8 months ago by
Cambridge, United Kingdom
You don't mention the package you're using - edgeR?
voom with limma? DESeq2? The answer to your question is largely agnostic to the exact implementation, but still, it's good practice to say exactly what you're doing.
Anyway, there are two levels to your question. The first is how you parametrize the experimental design for variance modelling. Presumably, the subgroups (a-e, a1-e1) in each "main" group (A/B) have some biological differences. This suggests that you should model each subgroup as a separate entity; otherwise, differences between subgroups will inflate the variances if you treat samples from different subgroups as "replicates". With edgeR or limma, I would use a one-way layout with one coefficient per subgroup:
subgroups <- rep(c("a", "a1", "b", "b1", "c", "c1", "d", "d1", "e", "e1"),
each=2) # Assuming two replicates per group
subgroups <- factor(subgroups)
design <- model.matrix(~0 + subgroups)
colnames(design) <- levels(subgroups)
Now, the other problem is how you should perform the comparisons between your main groups. The simplest approach is to compute the average expression across all subgroups within each main group, and compare them between groups:
con <- makeContrasts((a+b+c+d+e)/5 - (a1+b1+c1+d1+e1)/5, levels=design)

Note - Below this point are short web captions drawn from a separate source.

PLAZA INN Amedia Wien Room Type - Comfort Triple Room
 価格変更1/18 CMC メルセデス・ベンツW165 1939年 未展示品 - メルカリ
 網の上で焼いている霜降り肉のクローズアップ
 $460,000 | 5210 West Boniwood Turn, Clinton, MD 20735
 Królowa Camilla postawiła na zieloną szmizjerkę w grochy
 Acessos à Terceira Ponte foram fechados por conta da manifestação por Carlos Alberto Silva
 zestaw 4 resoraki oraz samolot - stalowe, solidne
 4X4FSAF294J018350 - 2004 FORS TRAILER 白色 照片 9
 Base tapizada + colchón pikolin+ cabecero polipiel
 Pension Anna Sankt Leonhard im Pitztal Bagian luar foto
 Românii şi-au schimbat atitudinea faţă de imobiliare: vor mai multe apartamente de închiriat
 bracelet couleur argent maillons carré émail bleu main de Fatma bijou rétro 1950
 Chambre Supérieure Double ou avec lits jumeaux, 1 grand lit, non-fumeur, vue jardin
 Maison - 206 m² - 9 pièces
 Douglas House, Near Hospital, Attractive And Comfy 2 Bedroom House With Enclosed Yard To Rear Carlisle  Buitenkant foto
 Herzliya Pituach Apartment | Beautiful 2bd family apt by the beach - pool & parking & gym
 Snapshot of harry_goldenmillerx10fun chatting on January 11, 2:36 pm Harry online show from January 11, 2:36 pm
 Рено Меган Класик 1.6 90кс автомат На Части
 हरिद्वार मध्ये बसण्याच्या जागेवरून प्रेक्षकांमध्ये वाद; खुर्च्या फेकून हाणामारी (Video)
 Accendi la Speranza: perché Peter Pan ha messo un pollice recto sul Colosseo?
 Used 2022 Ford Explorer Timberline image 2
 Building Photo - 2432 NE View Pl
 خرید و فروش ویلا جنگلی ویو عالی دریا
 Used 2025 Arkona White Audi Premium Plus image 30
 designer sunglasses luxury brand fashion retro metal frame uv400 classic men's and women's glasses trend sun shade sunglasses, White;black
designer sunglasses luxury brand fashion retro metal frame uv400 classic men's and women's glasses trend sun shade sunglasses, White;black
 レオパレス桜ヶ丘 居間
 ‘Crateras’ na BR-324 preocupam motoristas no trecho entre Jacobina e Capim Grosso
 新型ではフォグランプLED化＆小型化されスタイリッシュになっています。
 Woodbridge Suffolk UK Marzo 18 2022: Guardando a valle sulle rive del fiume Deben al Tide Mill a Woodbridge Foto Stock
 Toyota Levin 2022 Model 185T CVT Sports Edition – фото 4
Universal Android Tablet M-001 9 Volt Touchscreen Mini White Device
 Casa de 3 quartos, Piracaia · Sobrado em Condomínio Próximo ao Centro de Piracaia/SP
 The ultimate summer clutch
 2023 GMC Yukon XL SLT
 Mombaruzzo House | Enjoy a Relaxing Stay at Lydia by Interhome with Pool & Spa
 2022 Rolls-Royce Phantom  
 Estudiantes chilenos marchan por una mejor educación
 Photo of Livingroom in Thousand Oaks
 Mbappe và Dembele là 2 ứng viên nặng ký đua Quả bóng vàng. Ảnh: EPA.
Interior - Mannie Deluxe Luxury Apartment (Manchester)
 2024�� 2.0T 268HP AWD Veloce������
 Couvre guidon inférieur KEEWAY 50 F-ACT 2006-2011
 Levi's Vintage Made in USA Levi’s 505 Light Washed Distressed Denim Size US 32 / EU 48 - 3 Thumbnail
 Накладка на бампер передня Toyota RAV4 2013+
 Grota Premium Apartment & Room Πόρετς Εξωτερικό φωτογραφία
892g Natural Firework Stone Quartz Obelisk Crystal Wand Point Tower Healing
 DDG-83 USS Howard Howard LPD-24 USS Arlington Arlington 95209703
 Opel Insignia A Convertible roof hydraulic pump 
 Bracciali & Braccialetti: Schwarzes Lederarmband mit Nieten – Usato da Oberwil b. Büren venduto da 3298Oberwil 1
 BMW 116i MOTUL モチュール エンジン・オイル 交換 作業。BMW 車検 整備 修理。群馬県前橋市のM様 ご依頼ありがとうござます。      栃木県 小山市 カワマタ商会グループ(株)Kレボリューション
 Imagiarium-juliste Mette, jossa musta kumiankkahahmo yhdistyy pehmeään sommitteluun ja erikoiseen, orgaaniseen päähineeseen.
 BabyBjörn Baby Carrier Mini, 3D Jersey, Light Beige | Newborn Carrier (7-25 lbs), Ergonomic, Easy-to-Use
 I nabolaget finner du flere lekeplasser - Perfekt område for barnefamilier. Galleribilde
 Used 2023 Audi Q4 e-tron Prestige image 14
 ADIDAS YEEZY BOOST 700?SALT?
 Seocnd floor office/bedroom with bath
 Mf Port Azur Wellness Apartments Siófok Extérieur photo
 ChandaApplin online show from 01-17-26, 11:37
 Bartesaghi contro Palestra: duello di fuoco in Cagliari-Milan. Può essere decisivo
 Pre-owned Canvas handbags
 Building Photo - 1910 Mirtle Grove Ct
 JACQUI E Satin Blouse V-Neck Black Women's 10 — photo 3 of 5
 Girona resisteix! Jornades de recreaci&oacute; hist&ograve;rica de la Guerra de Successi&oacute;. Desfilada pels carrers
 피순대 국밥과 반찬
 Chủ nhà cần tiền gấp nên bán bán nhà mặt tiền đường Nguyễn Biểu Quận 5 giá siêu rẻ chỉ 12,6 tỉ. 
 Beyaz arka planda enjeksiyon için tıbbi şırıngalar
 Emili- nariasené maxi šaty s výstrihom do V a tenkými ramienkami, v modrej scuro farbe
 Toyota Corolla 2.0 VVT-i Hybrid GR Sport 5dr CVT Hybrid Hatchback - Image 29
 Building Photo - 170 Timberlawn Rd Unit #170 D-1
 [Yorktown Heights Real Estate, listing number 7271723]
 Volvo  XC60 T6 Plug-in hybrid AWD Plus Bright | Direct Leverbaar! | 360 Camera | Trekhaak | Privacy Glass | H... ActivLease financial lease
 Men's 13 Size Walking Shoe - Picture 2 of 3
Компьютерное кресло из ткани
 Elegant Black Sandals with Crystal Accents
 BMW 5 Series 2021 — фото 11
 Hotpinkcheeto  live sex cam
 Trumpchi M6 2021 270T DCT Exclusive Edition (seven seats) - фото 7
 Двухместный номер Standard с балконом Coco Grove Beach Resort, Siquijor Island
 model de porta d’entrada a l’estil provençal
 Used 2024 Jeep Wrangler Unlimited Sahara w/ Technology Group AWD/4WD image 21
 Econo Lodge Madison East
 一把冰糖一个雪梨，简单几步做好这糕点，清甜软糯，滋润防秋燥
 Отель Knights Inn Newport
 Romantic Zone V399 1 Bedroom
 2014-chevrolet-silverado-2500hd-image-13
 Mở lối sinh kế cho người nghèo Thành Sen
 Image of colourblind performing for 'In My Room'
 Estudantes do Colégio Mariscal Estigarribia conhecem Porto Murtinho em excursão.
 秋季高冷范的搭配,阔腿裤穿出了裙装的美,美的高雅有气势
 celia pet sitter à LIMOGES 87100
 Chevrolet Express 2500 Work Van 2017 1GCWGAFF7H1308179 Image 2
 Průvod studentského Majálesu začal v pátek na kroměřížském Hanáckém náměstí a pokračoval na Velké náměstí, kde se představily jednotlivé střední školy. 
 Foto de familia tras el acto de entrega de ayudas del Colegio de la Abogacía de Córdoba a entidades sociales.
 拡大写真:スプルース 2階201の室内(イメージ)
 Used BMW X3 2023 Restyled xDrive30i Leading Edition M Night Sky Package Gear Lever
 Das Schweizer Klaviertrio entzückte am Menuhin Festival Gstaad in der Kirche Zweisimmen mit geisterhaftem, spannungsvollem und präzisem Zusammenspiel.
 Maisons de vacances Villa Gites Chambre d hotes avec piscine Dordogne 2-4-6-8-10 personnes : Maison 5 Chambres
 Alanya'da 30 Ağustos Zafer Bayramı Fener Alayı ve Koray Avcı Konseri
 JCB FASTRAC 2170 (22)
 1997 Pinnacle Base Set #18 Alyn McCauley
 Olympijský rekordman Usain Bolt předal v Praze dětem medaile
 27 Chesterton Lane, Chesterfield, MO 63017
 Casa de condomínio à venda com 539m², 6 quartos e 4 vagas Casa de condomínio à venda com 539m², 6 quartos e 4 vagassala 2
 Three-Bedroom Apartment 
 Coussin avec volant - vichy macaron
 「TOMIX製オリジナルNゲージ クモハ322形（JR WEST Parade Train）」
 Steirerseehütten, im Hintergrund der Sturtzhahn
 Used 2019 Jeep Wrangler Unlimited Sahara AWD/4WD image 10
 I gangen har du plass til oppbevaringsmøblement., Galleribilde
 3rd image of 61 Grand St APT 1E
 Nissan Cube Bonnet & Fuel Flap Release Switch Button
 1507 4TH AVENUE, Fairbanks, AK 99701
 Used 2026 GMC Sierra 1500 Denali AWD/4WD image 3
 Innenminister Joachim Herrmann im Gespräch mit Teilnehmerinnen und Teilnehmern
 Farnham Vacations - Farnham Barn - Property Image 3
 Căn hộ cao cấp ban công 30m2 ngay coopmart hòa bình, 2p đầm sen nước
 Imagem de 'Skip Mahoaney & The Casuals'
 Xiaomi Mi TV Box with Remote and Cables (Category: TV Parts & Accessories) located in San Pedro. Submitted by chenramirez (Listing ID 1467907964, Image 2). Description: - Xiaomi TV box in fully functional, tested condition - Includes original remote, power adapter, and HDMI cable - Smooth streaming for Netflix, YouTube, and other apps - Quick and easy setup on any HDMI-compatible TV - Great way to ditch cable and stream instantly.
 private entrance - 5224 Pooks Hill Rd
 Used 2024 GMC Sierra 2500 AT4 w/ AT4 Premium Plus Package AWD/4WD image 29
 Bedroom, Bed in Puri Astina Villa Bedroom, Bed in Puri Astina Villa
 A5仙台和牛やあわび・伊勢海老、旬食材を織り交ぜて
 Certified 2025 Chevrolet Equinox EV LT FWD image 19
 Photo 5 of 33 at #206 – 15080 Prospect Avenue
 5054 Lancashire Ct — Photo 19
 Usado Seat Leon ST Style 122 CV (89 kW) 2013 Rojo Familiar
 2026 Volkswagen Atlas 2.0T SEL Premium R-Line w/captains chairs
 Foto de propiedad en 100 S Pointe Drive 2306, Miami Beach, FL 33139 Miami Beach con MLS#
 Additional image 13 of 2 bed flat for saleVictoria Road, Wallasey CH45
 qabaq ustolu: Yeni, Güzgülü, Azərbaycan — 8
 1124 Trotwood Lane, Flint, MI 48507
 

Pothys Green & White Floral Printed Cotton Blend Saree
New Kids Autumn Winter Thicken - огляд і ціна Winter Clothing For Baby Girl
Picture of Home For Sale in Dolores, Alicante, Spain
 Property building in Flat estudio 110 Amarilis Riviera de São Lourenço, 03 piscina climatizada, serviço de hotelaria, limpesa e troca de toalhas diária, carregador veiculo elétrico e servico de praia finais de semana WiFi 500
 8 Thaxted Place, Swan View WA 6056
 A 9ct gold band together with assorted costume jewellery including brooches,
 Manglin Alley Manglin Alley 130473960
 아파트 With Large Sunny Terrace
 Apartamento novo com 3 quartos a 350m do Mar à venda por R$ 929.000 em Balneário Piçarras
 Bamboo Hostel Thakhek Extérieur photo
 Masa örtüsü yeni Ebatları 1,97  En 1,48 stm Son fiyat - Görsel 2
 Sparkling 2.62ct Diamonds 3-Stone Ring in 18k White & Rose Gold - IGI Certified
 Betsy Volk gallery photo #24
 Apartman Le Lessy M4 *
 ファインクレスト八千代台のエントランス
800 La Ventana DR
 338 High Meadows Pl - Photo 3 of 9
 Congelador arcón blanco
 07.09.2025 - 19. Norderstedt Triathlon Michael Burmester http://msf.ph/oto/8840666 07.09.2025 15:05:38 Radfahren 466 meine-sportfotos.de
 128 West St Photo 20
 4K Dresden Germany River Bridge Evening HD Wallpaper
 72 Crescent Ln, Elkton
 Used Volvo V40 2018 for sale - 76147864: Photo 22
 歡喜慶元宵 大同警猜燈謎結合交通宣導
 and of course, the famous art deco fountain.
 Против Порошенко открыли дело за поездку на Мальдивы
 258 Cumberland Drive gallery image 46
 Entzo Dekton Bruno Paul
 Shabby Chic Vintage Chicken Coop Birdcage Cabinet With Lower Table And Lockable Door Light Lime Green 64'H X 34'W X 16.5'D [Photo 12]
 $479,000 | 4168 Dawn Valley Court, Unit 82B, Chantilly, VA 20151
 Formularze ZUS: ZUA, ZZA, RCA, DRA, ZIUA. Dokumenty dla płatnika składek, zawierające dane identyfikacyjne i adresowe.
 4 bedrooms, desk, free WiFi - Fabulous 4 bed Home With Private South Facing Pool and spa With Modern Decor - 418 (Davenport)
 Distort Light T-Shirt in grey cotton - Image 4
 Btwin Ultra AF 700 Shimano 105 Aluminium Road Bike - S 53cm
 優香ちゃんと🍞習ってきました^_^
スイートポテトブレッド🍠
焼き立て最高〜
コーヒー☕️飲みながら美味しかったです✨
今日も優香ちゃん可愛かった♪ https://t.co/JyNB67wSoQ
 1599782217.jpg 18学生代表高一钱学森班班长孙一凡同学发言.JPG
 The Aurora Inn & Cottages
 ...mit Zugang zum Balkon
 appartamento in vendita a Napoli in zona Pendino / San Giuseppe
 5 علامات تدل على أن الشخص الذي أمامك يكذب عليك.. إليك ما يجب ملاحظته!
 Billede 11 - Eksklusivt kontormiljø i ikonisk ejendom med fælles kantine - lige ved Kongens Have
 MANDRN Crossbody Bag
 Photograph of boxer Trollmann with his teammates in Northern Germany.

This does exactly what it says, i.e., computes the grand mean of the average expression across subgroups, and tests for changes in the averages between main groups. However, this can be misleading, e.g., if strong upregulation is only present in one subgroup "e", this will drag up the average expression for main group A and make it seem like that there is upregulation in A compared to B. If you want to look for genes that are consistently changing in the same direction for all pairs of subgroups, you can do:
con <- makeContrasts(a - a1, b - b1, c - c1, d - d1, e - e1, levels=design)
This will perform an ANODEV, testing for whether there are any differences in the corresponding pairs of subgroups from each main group. You can then filter for genes with low ANODEV p-values where the signs of the log-fold changes for all pairwise comparisons are the same, e.g., for positive log-fold changes, you would have
a > a1,
b > b1,
c > c1,
d > d1 and
e > e1. This may be easier to interpret as the change in expression between the main groups is consistent across the paired subgroups. (In theory, you could be even more stringent and require significant DE in each pairwise comparison, but this is probably too conservative.)
If you want exact implementation details, see Section 3.2.3 of the edgeR user's guide for some code.